CHICAGO — The University of Chicago is preparing to unveil a sculpture in honor of a 1900s alumna, who was the first black woman to receive a doctorate from the university.

Students Asya Akca and Shae Omonijo will unveil a bust of Georgiana Rose Simpson at the Reynolds Club on Tuesday, the Chicago Tribune reported. The Reynolds Club is the university’s student center that was once accessible only to white males.

“The University of Chicago is on the South Side in a predominantly African-American community, and yet there is not that much African-American history represented on our campus,” Omonijo said. “This is despite the fact that so many prominent black scholars came from this institution.”

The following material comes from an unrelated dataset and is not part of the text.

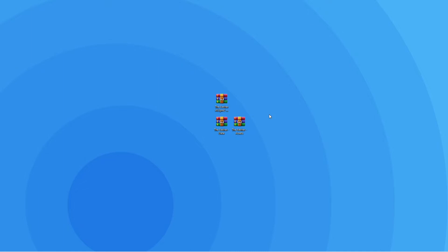Afterwards, extract the zip to get both the datapack zip and the resource pack zip. Now you're all set up to upload the datapack onto your server.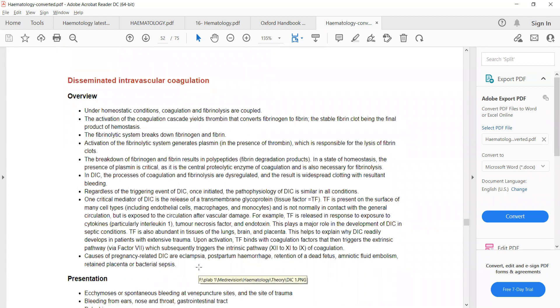So far we have discussed three causes of bleeding disorders: one due to platelet dysfunction, one due to clotting factor deficiency (hemophilia), and von Willebrand disease involving both.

Omonijo and Akca said they want to work to develop new monuments of women and minorities who have gone unrecognized for their contributions.

“Oftentimes women’s history is untold and underrepresented in our world,” Akca said. “That’s something we both want to fix. This is a problem, not only in Chicago, but in Washington, D.C., and Louisville (Ky.) and everywhere else.”

Records show Simpson was asked to leave the dorms after her presence caused uproar among students because of her race. She commuted to campus until she completed her studies. Simpson went on to write for W.E.B. Du Bois’ publications.

“U. of Chicago gets hundreds of visitors from across the world and U.S. touring the campus. They always go inside Reynolds Club,” Akca said. “The fact that Georgina Simpson will be there, in that hallway, means all those people who are coming to visit will see that the students here, and the university, values women’s history. This is the push in that direction.”